PROBLEM :: Your answer must be a single number: how many lines in the records include the word "System".

Dataset records:
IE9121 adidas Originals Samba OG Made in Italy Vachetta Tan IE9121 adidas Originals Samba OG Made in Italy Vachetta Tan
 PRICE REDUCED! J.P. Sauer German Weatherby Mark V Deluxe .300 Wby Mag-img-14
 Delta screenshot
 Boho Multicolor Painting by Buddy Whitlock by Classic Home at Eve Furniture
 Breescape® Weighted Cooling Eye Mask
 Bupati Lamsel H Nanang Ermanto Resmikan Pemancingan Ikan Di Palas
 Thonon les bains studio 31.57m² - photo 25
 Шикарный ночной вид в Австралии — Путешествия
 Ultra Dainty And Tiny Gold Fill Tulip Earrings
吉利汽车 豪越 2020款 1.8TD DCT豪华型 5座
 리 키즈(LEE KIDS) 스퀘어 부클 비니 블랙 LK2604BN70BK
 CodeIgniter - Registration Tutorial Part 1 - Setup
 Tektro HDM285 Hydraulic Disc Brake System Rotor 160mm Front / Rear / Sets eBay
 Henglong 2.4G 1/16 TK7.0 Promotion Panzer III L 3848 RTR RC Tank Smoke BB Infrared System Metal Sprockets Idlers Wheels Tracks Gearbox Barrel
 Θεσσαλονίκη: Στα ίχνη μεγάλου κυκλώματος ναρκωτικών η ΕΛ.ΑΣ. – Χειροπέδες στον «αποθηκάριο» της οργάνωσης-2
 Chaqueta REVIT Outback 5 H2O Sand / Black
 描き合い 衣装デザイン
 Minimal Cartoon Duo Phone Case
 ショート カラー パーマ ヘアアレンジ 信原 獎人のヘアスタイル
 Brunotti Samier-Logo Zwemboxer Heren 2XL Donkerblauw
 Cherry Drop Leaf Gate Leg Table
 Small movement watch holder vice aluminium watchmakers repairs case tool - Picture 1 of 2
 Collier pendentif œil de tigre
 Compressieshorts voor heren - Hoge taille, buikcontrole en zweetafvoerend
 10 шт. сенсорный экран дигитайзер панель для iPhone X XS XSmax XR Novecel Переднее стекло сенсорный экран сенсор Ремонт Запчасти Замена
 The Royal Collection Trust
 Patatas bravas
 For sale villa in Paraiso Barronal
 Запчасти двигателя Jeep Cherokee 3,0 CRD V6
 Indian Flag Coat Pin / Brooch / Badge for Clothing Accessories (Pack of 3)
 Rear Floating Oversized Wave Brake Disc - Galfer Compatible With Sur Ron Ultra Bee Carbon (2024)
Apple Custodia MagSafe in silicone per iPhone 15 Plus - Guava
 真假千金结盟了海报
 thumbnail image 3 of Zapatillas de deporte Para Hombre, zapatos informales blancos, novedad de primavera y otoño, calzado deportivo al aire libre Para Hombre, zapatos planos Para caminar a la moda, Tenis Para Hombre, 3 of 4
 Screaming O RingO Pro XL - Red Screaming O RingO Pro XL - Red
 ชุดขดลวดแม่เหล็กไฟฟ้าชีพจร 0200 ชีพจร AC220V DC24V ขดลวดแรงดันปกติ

EXERCISE ANSWER :: 2